お洒落な私服だなあと呑気に思っていたアフロディくんの体を、頭の先から足の先までもう一度見直す。
それが今現れた彼と全く同じものだと、気づいた瞬間私は思わずその場で飛び上がりたくなった。自分の鈍感さがこんな所でも発揮されるとはゆめゆめ思っても見なかった。

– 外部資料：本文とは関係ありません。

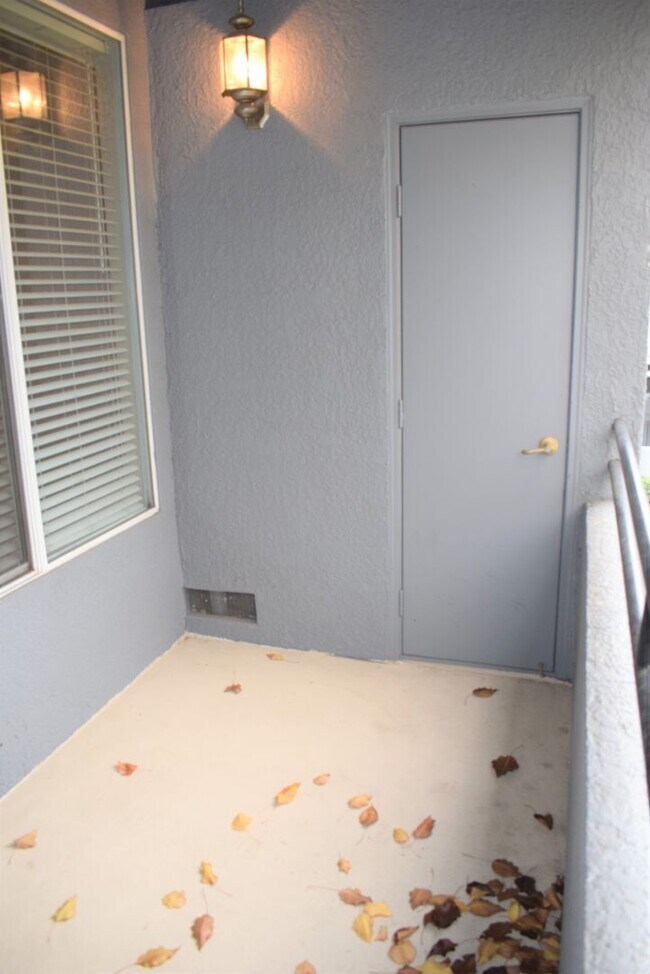 Building Photo - 5201 Laguna Oaks Dr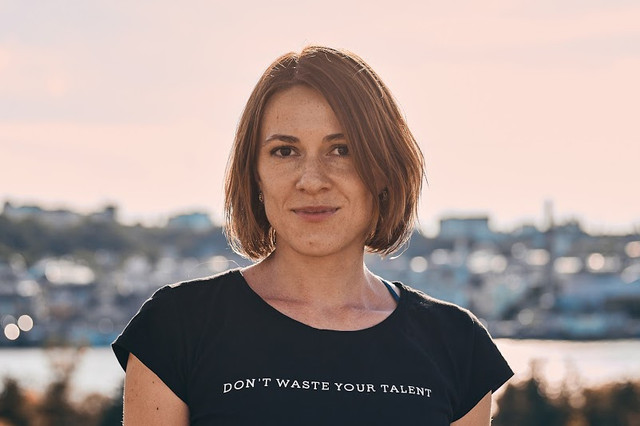 Viktoria Li image
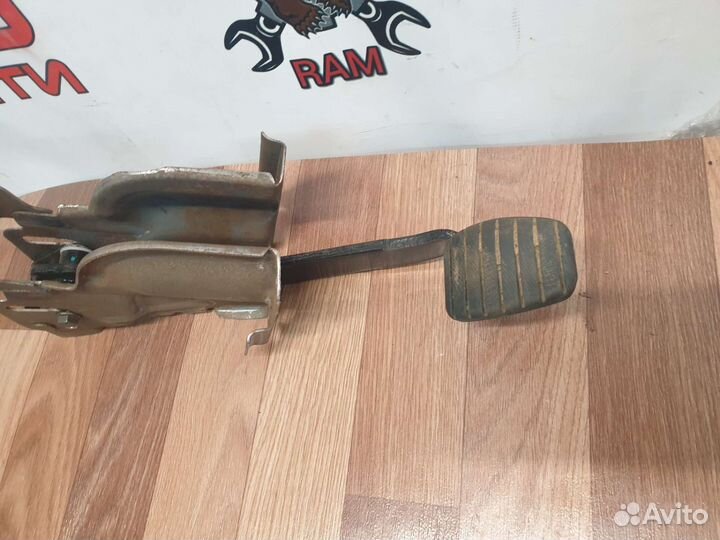 Педаль тормоза Renault Sandero Stepway 2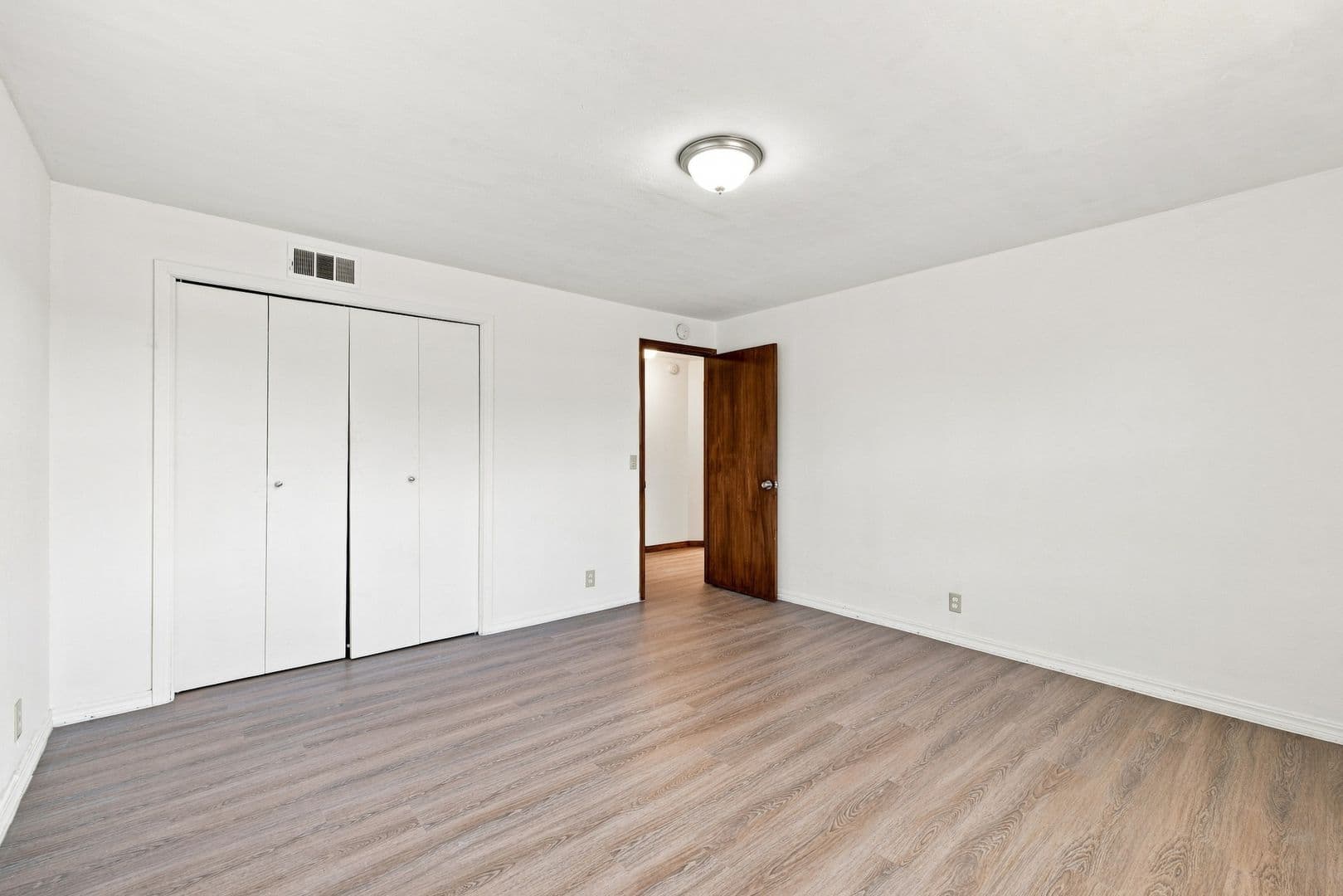 Oklahoma City House: 700 NE 81st Street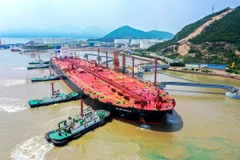 Một tàu chở dầu neo đậu tại một cảng ở Ninh Ba, tỉnh Chiết Giang, Trung Quốc. (Nguồn: China Daily)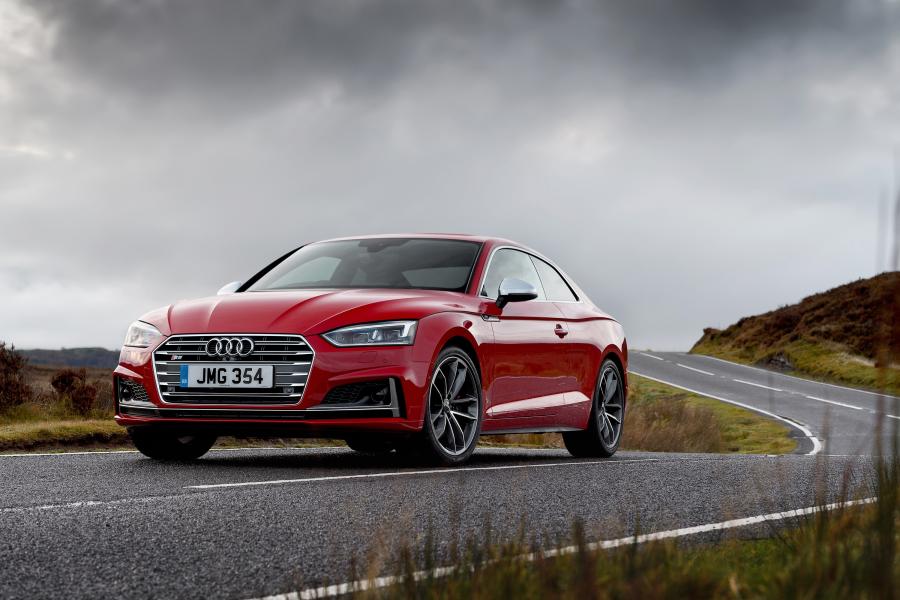  Audi S5 Coupe 2016 года  (UK) (фото 2 из 41)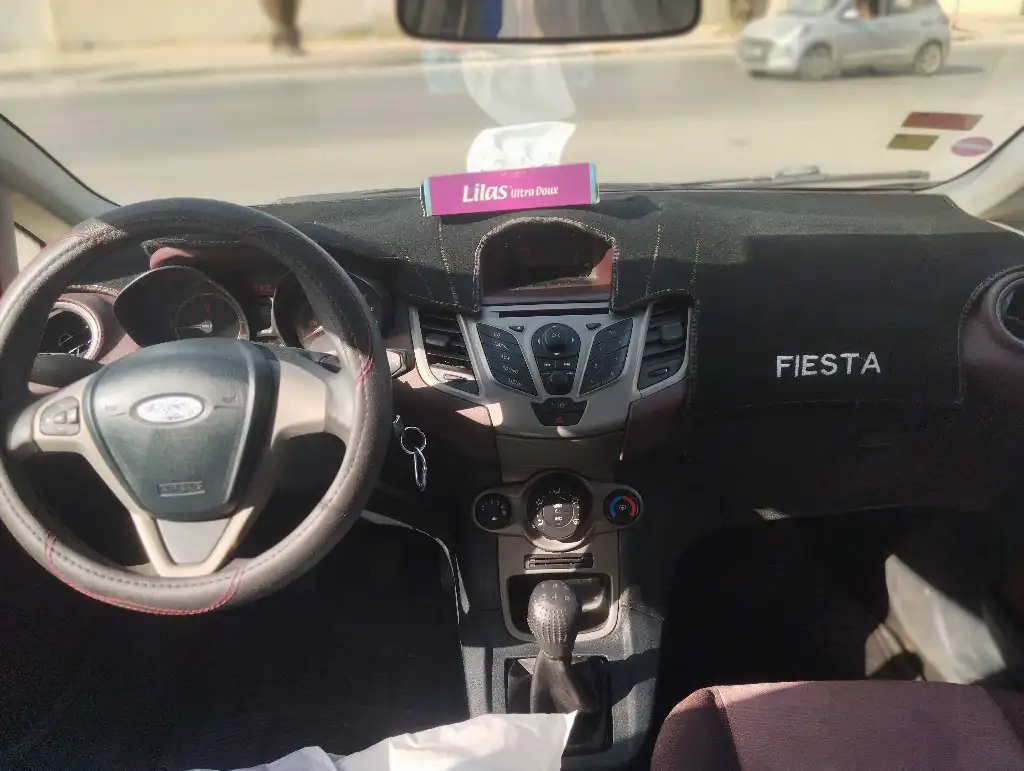 Ford fiesta 20707646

「そうだよよこうちさん、僕たちがファイヤードラゴンだ。……言おうか迷ったんだけど、タイミングを逃しちゃって」
「ごごごごめんなさい!私ったらアフロディくんに会えたのが嬉しくてつい舞い上がって……大事な試合前に本当にごめんなさい!」


まさか迷子ついでに試合前の大事な選手を無駄話に付き合わせていたとは。
赤い髪の男の子があからさまに呆れた顔をするのも仕方ない。


「さっき向こうの方で雷門の子を見たから、よこうちさんもそっちから来たんじゃないかな」
「それ本当?よかったぁ……アフロディくんありがとう!試合がんばってね」


最後まで綺麗な笑顔な彼に、私も同じ笑顔で見送る。

その背中が曲がり角に消えるまでそうしていたら、不意に赤い髪がこちらを振り返った。遠くて表情はよく分からない。
私は何かを言わなくちゃいけない気がして、だけど言葉は急に出てこなくて、結局口をつぐんだまま彼に向かって手を振った。
それが正しいのか分からなかったが、彼は一瞬驚いた顔をして、一度だけ手を振り返してくれた。